Fruits are ordinarily an excellent source of folate, which is the natural equivalent of folic acid found in foods. When you combine ample fruits with vegetables in your daily diet, you can meet up to a third of your folate needs. Ohio State University reports that fruits qualify as a good source of folate if they provide 10 percent or more of the US Recommended Daily Allowance based on a 2,000 calorie per day diet 1. If you do not meet your body’s requirement for folate, a kind of anemia can result. The recommended intake of folate is 400 micrograms for adults, 600 micrograms if you are pregnant and 500 micrograms if you are nursing.
Although apples are a good source of dietary fiber and vitamin C, apple slices with the skin removed supply no folate in a one cup serving. If you don’t peel the fruit, you’ll get 4 micrograms for the same serving, but this is still only 1 percent of the US Recommended Daily Allowance.

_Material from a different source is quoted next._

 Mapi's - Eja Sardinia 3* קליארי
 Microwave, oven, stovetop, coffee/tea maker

A cup of raw cranberries has 1 microgram of folate, but this provides zero percent of the US Recommended Daily Allowance for a 2,000 calorie per day diet. Cranberry juice, with a higher concentration of berries per serving, has 3 micrograms of folate, but this is still only 1 percent of the Recommended Daily Allowance.

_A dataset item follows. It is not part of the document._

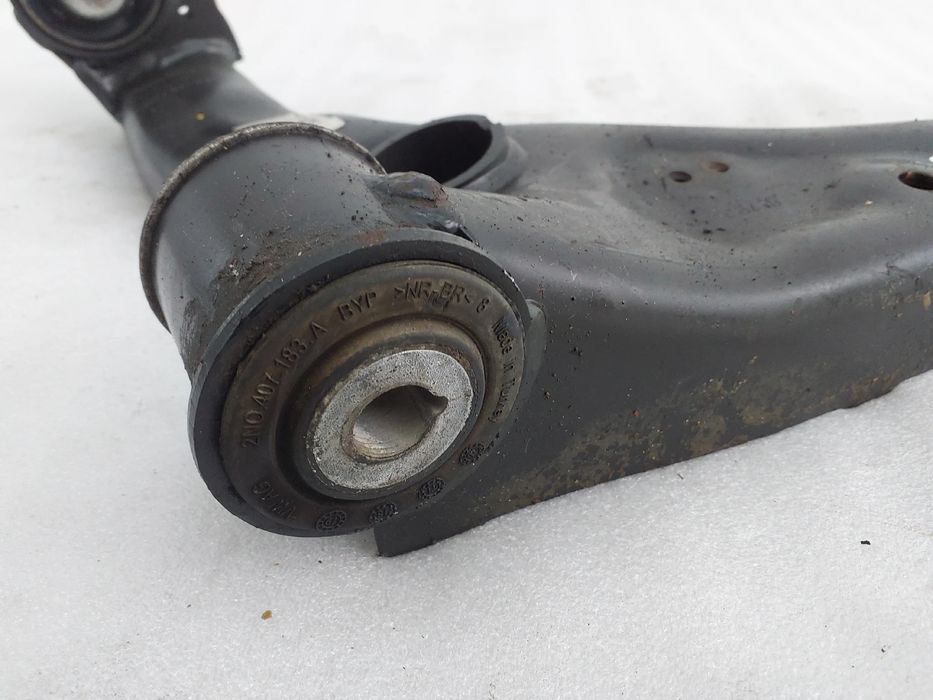 Braço de suspensão frente esquerdo VOLKSWAGEN Crafter (2E)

Fruits That Do Not Meet RDA Requirements
Some fruits contain folate in such small amounts that they provide only 1 percent of your daily requirement on a 2,000 calorie per day diet and thus fall grossly short of the RDA’s requirements. A one cup serving of sweet cherries or watermelon balls provides only 1 percent of your daily requirement. One average-sized kumquat provides only 3 micrograms of folate. The same serving size of either red or green grapes has only 3.0 micrograms. A lime has 5 micrograms but this is still only 1 percent of your daily allowance. One average-sized quince has 3 micrograms of folate. Apricots and pears contain slightly more folate per serving at 3 percent of RDA.